What is being asked: Each line of the data below between the one containing "Bienen sammeln Honig" and the one containing "Anphly Stainless Steel", both included, is to be repeated exactly. Please omit pictures.

The records:
○ ○ ○ ○

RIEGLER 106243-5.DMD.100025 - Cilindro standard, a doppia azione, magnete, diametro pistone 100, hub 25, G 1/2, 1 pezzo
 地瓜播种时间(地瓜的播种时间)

○ ○ ○ ○

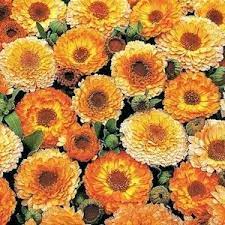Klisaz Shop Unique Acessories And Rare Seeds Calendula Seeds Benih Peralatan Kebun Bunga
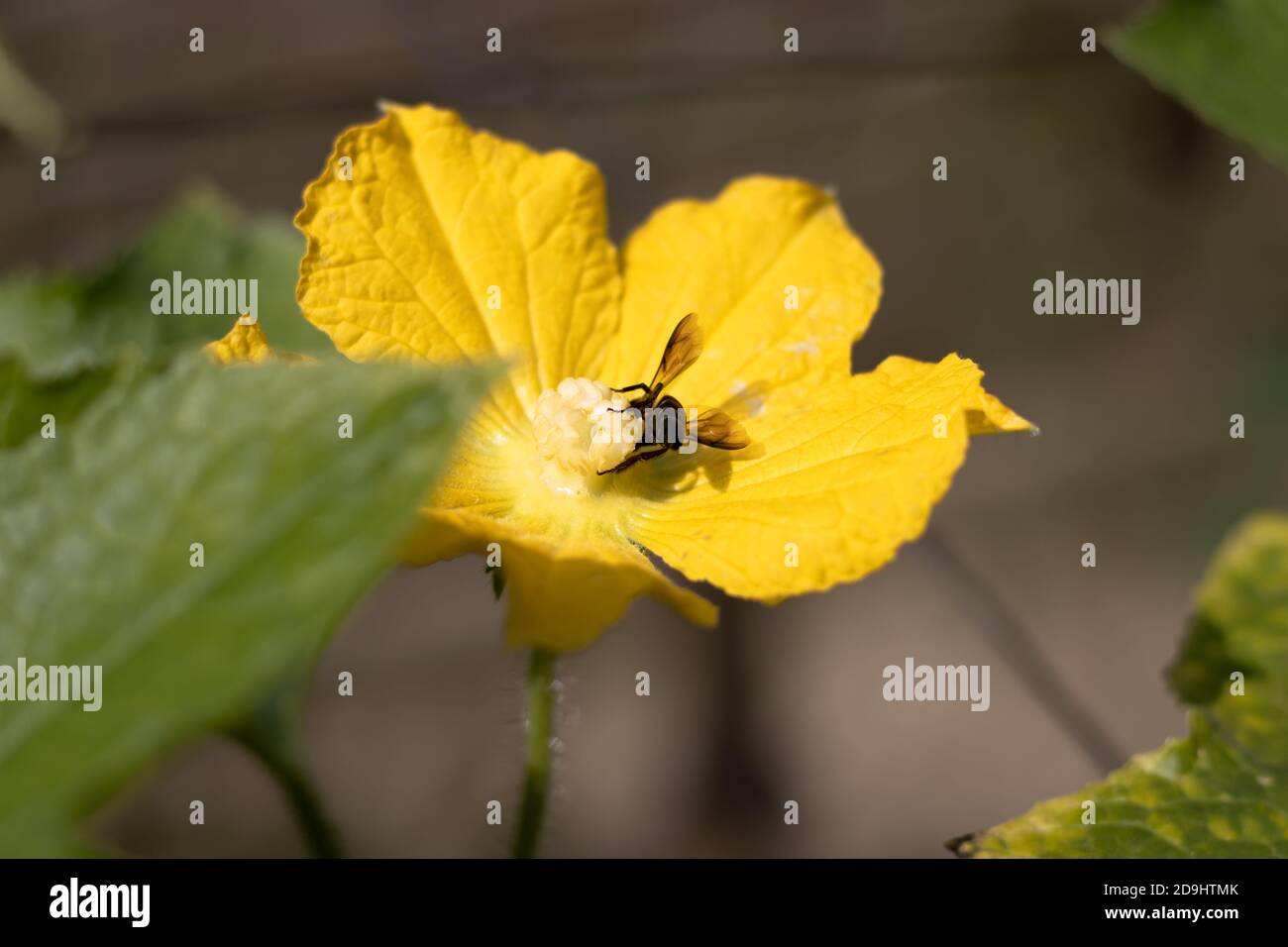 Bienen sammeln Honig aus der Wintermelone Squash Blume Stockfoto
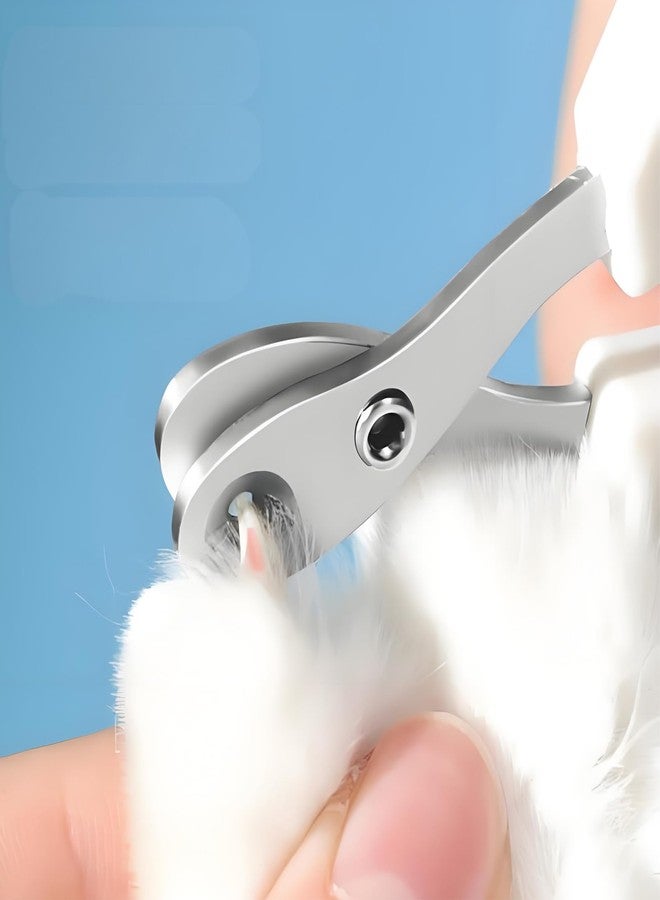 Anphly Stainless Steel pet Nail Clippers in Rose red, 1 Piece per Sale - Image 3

○ ○ ○ ○

Output of the exercise:
 Bienen sammeln Honig aus der Wintermelone Squash Blume Stockfoto
 Anphly Stainless Steel pet Nail Clippers in Rose red, 1 Piece per Sale - Image 3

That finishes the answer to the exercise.